Because arrays are indexed from 0, i often still enter access my data starting at one. the reason being the zero fields usually work well as holding totals of columns or rows, as well as status flags, instead of a plethora of named variables. It always makes better sense reading it because the fourth entry in is visible as 4, not 3. Some people call the Ground floor of a building ‘1’ and the next storey up ‘2’ or Second floor. Others call the First floor above Ground as 1 and so on. People get lost in buildings because of this. In the demanding world of CAD anything that interrupts a train of thought, no matter how minor is a disruption, equal to a loss of income. Therefore i like arrays comprehensibly as close to the natural conceptual model as i can get it.

so the first question is,.. Is this acceptable practice? and if not, why not? Even though i’m the only one reading my own code, i rarely share it, i think there is value in not straying too far from convention. At least if i go on my own bloody-minded way i’m clear on the reason why.

there are a few more questions, and while they could be deserving of their own thread, they all relate to each other in some way so i’ll lay them out as well

I also find that there are often parts of arrays that are redundant, because in the real world for which your software is to be used those cases dont arise. So question two: rather than have a large array, is it acceptable practice to re-think the data usage into smaller like-for-like arrays where these dead areas are minimized? how it relates to the question above is that this would be yet another set of zero-zero fields which may become superfluous in themselves. I know there is a sentiment of “.. hey there’s plenty of memory” but somehow I have a view that’s just sloppy thinking.

and my last question: Occasionally i’m adding an offset to my indices to cater for extra dimensions** dealing with user history

printf("   %s \t %d \n", foo[i],bar[i][c]);
printf("   %s \t %d \n", foo[i],bar[i][c+1]);
printf("   %s \t %d \n", foo[i],bar[i][c+2]);

so i’m worried about a couple of things here. Is doing a calculation at each access a speed hit? In the world of mobile apps, does this represent some battery usage that could have been avoided?

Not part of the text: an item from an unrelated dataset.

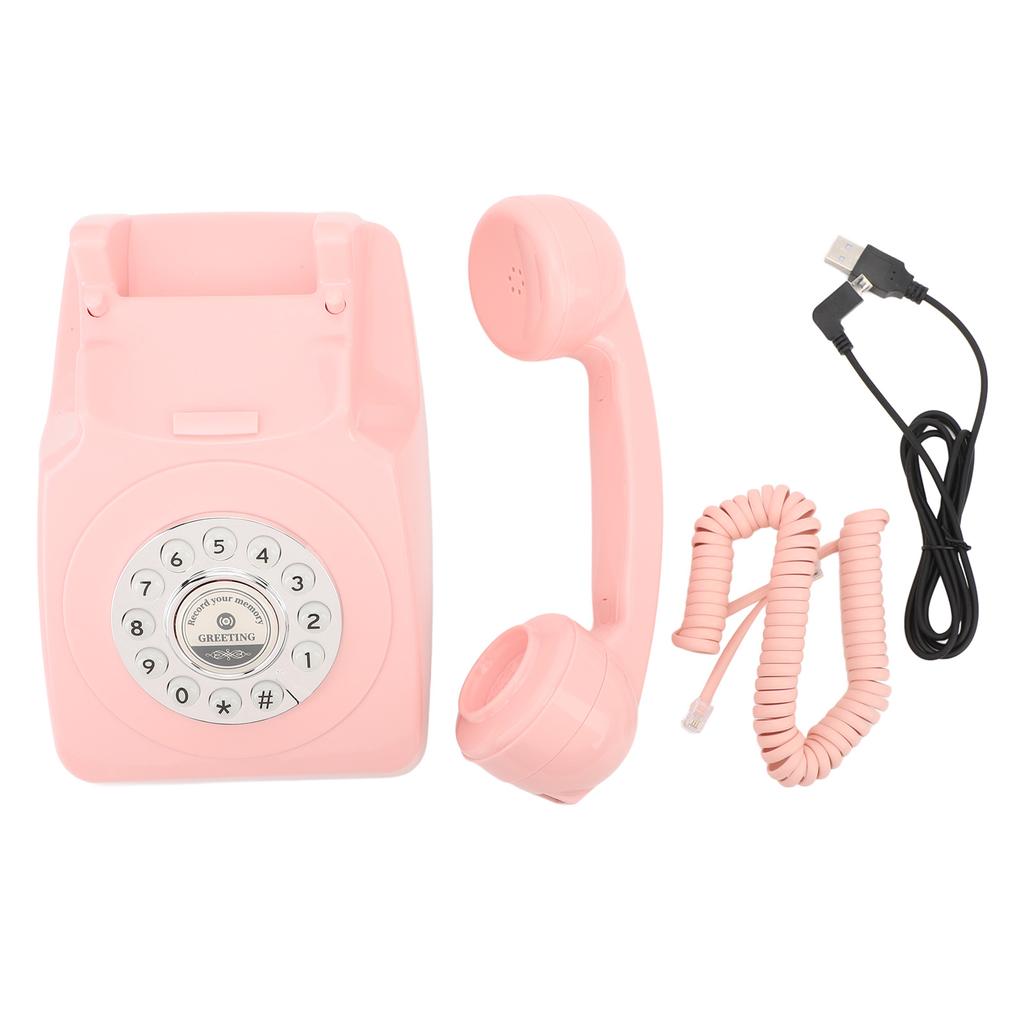 Audio Guest Book Phone Clear Sound Convenient Use Audio Message Recording Telephone for Wedding Even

** for the benefit of any beginner reading this, four dimensional arrays and up are easy to comprehend if you think of a three dimensional array as a Rubik’s cube. Put another cube or two alongside it within the room you are seated in and you have four. the building full of rooms is the fifth and so on for city blocks of buildings being six, states of cities 7, countries, etc and up.


Solution

  • A good jumping off point for understanding the tradeoffs is to know the name of the thing you are talking about. This is called "Zero-Based-Numbering", and you can read about it on Wikipedia:

    http://en.wikipedia.org/wiki/Zero-based_numbering

    The idea that zero is counter-intuitive has a long history, and it's debated to this day whether the term "natural number" should include it. I find it natural, and would prefer the floor of a building which contains its main entrance to be labeled 0 (and the subterranean parking levels to be -1, -2, -3...)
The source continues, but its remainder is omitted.